Silk street

February 01, 2010 10:12 AM GMT+7

Silk Street (Phố Hàng Đào) is a fashionable street in the old quarter of the capital city. Literally Phố Hàng Đào means: street where red-dyed fabrics are sold. As early as the 14th-15th centuries, villagers – mostly from Đan Loan (in Hải Dương Province) – settled there, forming the guild of Đại Lợi. At number 90-A stone stele can still be found, noting that in 1706 the edifice was built as a communal house in honor of the tutelary god of the village and patron saint of dyers.

Silk Street, as indicated in the 15th century Treatise on Geography (Dư địa chí) by Nguyễn Trãi, was part of a dyke separating Lake Thái Cực (Great Primary Principle), which is now completely dry, from the Lake of the Restored Sword (Hoàn Kiếm). The two lakes used to communicate with each other through a canal which lay on the site of the present Street of the Wooden Bridge (Phố Cầu Gỗ) thus called in memory of the bridge which spanned it.

In his Collection Written on Rainy Days (Vũ Trung Tùy Bút), Phạm Đình Hổ (18th century) left us vivid descriptions of scenes in Silk Street and Jewelers’ Street where the wealth, corruption and fraud of a troubled period could be seen. French attacks in 1873 and 1882 reduced the prosperity of Silk Street, which was eventually revived toward the end of the century.



The face of Silk Street has changed more than once in recent times. At the beginning of the century, its traditional features were still intact: trading in silk and silk fabrics practiced by families from generation to generation (the craft of dyeing having moved elsewhere, e.g. to the Street of the Wooden Bridge); the reputation of its scholars and mandarins; the beauty of its young women, elegant and skilful in commerce, whose plentiful dowries attracted graduates of the newly opened French university.

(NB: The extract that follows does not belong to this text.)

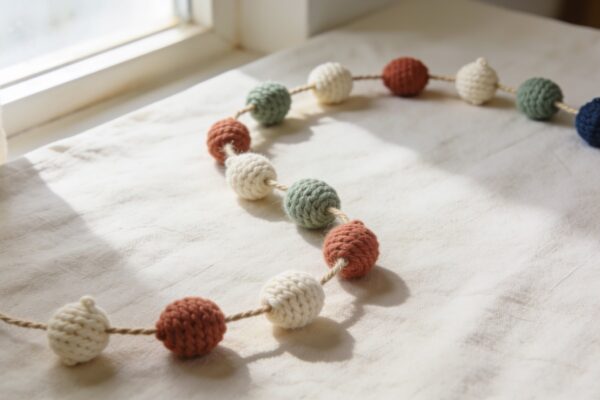 12 Crochet Christmas Garland Ideas for Mantels and Stairs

On both sides of a badly graveled road, about a hundred shops housed in narrow, low-roofed houses jostled each other in picturesque disorder. There was no pavement. Each shop was made up of two compartments: the outer one was fitted with a small glass-window displaying rows of buttons and the like behind which a woman, young or middle-aged, had the job of touting passing customers, many of whom were from the countryside; the inner compartment featured a plank-bed, on which sat the owner of the shop or her daughter, surrounded by glass cases filled with rolls of brocade (gấm), flowered satin (vóc) and silk gauze. Trading in raw silk (tơ sống) was also a local specialty. Much haggling usually accompanied the business done, for as a rule exorbitant prices were asked to begin with.

Each lunar month, on the 1st, 6th, 16th, 21st and 26th days, great animation came to Silk Street. People from weavers’ villages brought their products: gauze (the) of Cả and La Khê, silk-floos (đũi) of Đại Mỗ, satin (lĩnh) of Bưởi. They also came to buy raw silk. They gave orders to dyers from Chợ Dầu (Đình Bảng) from areas bordering West Lake, from Bưởi, from Dyers’ Street (Hàng Bông Nhuộm) and from Wooden Bridge Street.


After the end of the First World War, Silk Street experienced a measure of modernization. Indians coming from the five French trading-posts in India opened shops selling cotton fabrics distributed by French companies (Dumarest, Denis Frères).

Shops selling Vietnamese silks decreased in number. Their fronts were arranged like those kept by Indians: a wide glass-window, a counter and a signboard lettered in the Romanized vernacular of French instead of a curtain, on which the name of the shop was traced in Chinese characters.

The first haberdashery appeared is 1917. Toward the 1930’s Silk Street was dominated by linen-drapers’ shops selling also fancy goods from Paris: perfumes, cosmetics, hats, neckerchiefs, handkerchiefs, and ties.

For several decades following the liberation of Hà Nội which was occupied by French troops from 1946 to 1954, Silk Street’s activities were muted, private trade not being encouraged.

Starting from the mid-1980, with the adoption of a market economy, there has been a spectacular revival, with a mushrooming of watch-maker’s shops, haberdasheries, shops selling ready-to wear garments…and concrete buildings which threaten to disfigure the quarter.

Strange to say, it was in this commercial quarter that traditions of patriotism and culture blossomed. It was at houses numbers 10 and 63 that the licentiate Lương Văn Can (later exiled to the prison island of Poulo Condor) and his scholar friends opened around 1907 the “School of the Northern Capital Upholding the Just Cause” (Đông Kinh Nghĩa Thục) which started the struggle against the colonial administration. His son Lương Ngọc Quyến was to be killed in the course of a military rebellion against the French in Thái Nguyên in 1917.